Posted on 10/10/2005 1:05:39 PM PDT by Drew68

Max Hardcore Offices Raided by FBI; Servers, Tapes Seized

By Gretchen Gallen
Wednesday, October 5, 2005

ALTA DENA, Calif. – The offices of Max Hardcore’s Max World Entertainment were raided Wednesday under the authority of the Child Exploitation and Obscenity Section of the Justice Department. The FBI seized five video titles, Hardcore’s attorney Jeffrey Douglas told XBiz, including (ed. movie titles ommitted)

Additionally, the FBI seized all servers belonging to Hardcore with the purpose of copying and returning them, Douglas said. It is not yet known what other office items have been taken as the investigation is ongoing.

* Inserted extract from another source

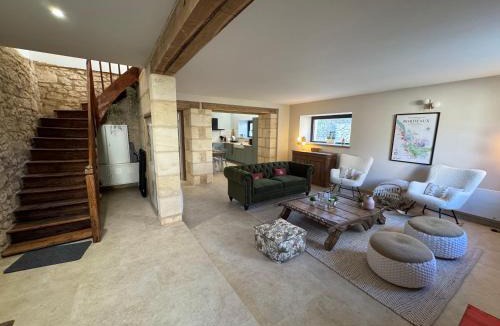 Naujan-et-Postiac Villa | L'Escapade d'Émilion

By Thursday afternoon, Hardcore's servers had been returned and the website was active.

Hardcore was not present at the time of the raid, and according to Douglas, is presently attending a trade show in Barcelona, Spain.

Douglas said this is the first federal obscenity investigation involving Hardcore and is in any way related to 2257 record-keeping enforcement.

“Once again the government is wasting tax dollars and otherwise invaluable law enforcement resources to try to force a minority view of morality on all of America,” Hardcore said in a statement. “Five of my movies have been targeted by the federal ‘prude’ patrol. There is no indication of any crime to be alleged except obscenity. If indicted, I will fight to protect my liberty as well as the liberty of consenting adults to watch other adults engage in lawful, consensual, pleasurable sexual action. Shame on the Department of Justice. I am proud of my movies and of those who sell them.”

In 2001, Hardcore was prosecuted by the city of Los Angeles for obscenity, which was not resolved until 2004 with a company plea to a public nuisance.

Born Paul Little in 1956, Hardcore’s films have long been considered some of the most controversial in the industry.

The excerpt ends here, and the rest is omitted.